The initial parts of the book are about how Nilekani and others went about promoting and establishing Aadhar - the unique identification scheme. Conceived in 2009, the UIDAI went ahead to bring almost a billion residents of India into the Aadhar fold within five years. Aadhar is just the stepping stone for big reforms. One such reform is in LPG (cooking gas) subsidy. The original LPG subsidy scheme could be subverted in many ways. But once Aadhar became available, the LPG customer's Aadhar could be linked to their LPG connection.

By the end of 2015, about 120 million customers were linked through their Aadhar card number. In this revised subsidy scheme, the customer pays the full market price for an LPG cylinder and the subsidy is transferred to his bank account (A customer could decline the subsidy if didn't want it). By this simple shift in perspective, over 600,000 duplicate connections were detected and there was an estimated savings of about Rs 6500 crores (Rs 65 billion) in 2015-16.

This Direct Benefits Transfer of LPG (DBTL) scheme (or PaHaL as it is called in Hindi) is not the only possible use of Aadhar. At the present moment, the PDS scheme is also being linked to Aadhar which will lead to elimination of graft in the PDS system. Later fertilizer, water and electricity subsidies for farmers will be through the Aadhar route. This will enable streamlined deliver of subsidies to the deserving poor.
An Aadhar enabled bank account would also help in merit scholarship schemes, insurance schemes for the poor, pension payments, housing schemes etc.

Since each resident is provided with a unique Aadhar number (made unique by fingerprints and iris scans) it would be difficult to come up with duplicate accounts thus allowing transparency in the system.

While Nilekani and Shah devote a considerable portion of the book to welfare schemes, they understand that subsidies and other welfare schemes distort the free market and the pricing system. Hence they say that subsidies should only be provided to deserving recipients through targeted cash transfer programmes which is now possible through Aadhar linked bank accounts. This will also reduce the government's subsidy burden and allow it to concentrate on infrastructure development.
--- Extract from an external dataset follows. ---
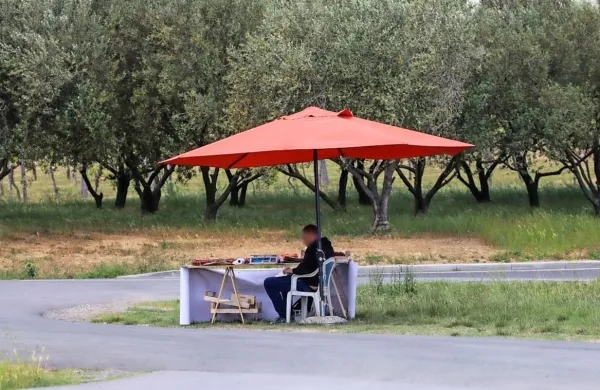 Ena od novih lokacij nedovoljenih prodajalcev, potem ko so jih 
pregnali s parkirišča.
Other than welfare schemes, Nilekani and Shah talk about electronic toll payments at toll bridges, e-KYC, the Goods and Service Tax Network (GSTN), helping children learn through use of technology (MOOCs/flipped classrooms) and reforming the power sector and the judicial system. They even talk of a digital locket system which will hold all our documents electronically in a single secure place. These are, again, proposals which can be attempted given the grand success of the DBTL scheme.

In the present age, the mobile phone has transformed society to a great extent and Nilekani and Shah place a lot of hope in the JAM (Jan Dhan bank account, Aadhar and mobile phone) structure to level the playing field for the poor in India. The new Unified Payments Interface (UPI) which has just been launched a few months ago is widely heralded as a game changer in transforming India to a cashless society. As the authors state: "The goal of the UPI is to create a single, seamless platform for any kind of electronic transaction, whether it's payments from the government (subsidies, for example), payments to the government (taxes), payments from customers to vendors, and ultimately even money transfers between two individuals." And all this can be done over the mobile phone!

A well-written book, with informative diagrams, the book lays a blue print for restructuring India through the massive use of technology and making India data-rich that future governments will do well to heed.